これは演出の話なんですが、最近はデジタルを活用したものが増えてきています。例えば、参加者がスマホから投稿したコメントが会場のスクリーンにリアルタイムで映し出されるとか。観るだけの映像から、インタラクティブな、参加できる映像に変わるわけですよね。社内にデジタルの専門チームがあって、彼らに私からリクエストを出してカスタマイズしてもらったりなど、臨機応変に動ける組織というのも強みのひとつだと思います。
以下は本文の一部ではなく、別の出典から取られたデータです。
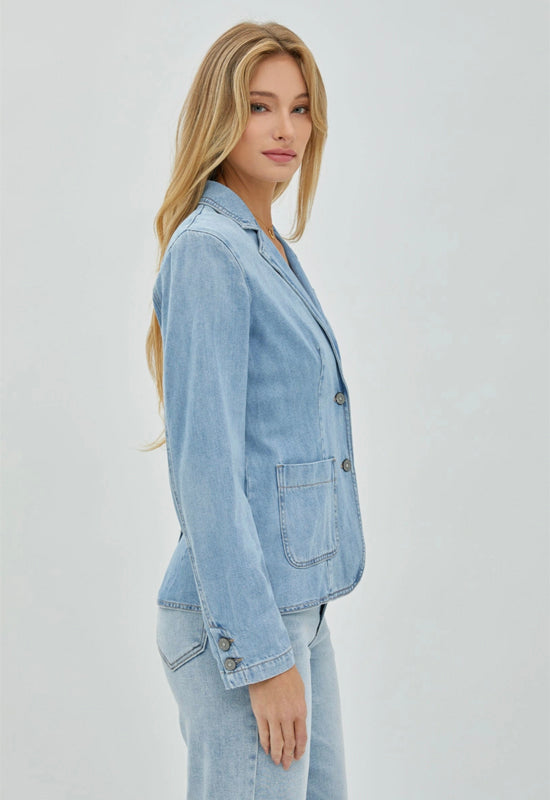 Hidden - Denim Blazer Light Blue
もうひとつは「次につなげる」ということ。イベントというと、“終わったらそれで終了。おつかれさま”ということになりがちなんですけど、私たちに“やりっぱなし”はありません。イベントを一過性のもので終わらせず、課題を抽出して次につなげるということを全メンバーが強く意識しています。これはお客様にとっても、私たちにとっても大切なことだと思っています。

企業の周年記念式典(博展さんによるイベント例)

―― 印象に残ったイベントは?

そうですね、たくさんありますが…。そう、IT企業さんの年末パーティーをディスコチックな仕立てにしたことがあります。出席者に80年代に若い頃を過ごしたおじさま年代の方が多くて、ちょうど80'sリバイバルもあったので、思い切って当時のディスコ風な演出にしました。DJに80年代ミュージックと今の音楽をミックスして流してもらったり、スクリーンに当時の映像と社史をからめて映したり。この演出はとても喜んでいただけましたね。あの頃はこんなことがあったとか、この曲が好きだったとか、みなさん話がはずんでいました。仮装タイムも、おじさまたちががんばってくださり盛り上がりました!
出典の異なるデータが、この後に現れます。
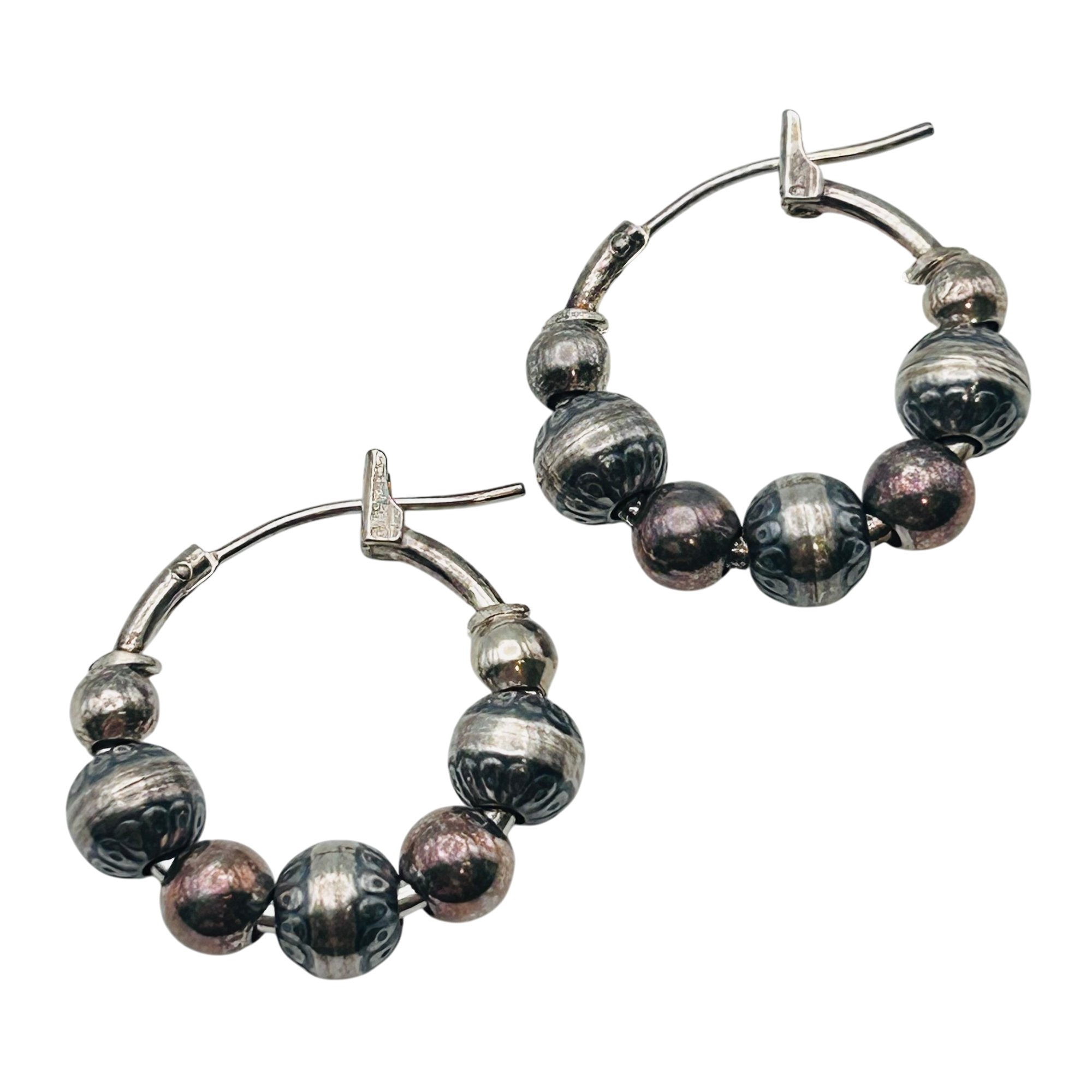 Carolyn Pollack Sterling Hoop Earrings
別のお客様ですが、社員のお子さんたちも参加されるパーティーということで、会場にちょっとしたクリスマス工作ができるコーナーを設置しました。お子さんたちには仮想のお金を使ってもらい、内定者や新人社員のみなさんがその対応を行いました。こんな手作り感のあるイベントも温かみがあっていいですね。

―― イベントの準備はどのようなステップで進行しますか?

すべてはご相談をいただくところから始まりますが、このタイミングはお客様によってまちまちです。まだ漠然としている状態、社内決裁に向けて費用を算出するタイミング、ほぼ実施内容が固まっている段階…。そのいずれでも対応できますが、企画段階から関わらせていただくといいものができると思います。

ご依頼いただいたあとは、博展の窓口担当者がプロジェクトのマネージャーとなり、社内外のメンバーを束ねていきます。イベントをまるごとおまかせいただく場合は、クリエイティブスタッフ、制作施工スタッフ、エンジニア、事務局担当など様々な専門スタッフがこれに加わることになります。

私は窓口担当として、お客様のご担当者様と共にイベント当日まで走ります! とにかくいいイベントになるよう一緒に企画を考えたり、社内決裁用の資料作成をお手伝いしたり…。そして、イベントが無事終わったら反省会、振り返り。お客様から「次もよろしくね」とお声がけいただけると、やっぱりうれしいですね。

成功の秘訣はゴールのイメージを描くこと

―― イベント担当者が気を付けることはありますか?

お客様のご担当者様は、総務部の方、福利厚生に関連するイベントでは人事部の方、プロジェクト担当者、あるいは部署横断の混成チームなど、イベントの性格によって様々です。このようなみなさんと私たちでひとつのチームを作ってイベントの準備を行っていきます。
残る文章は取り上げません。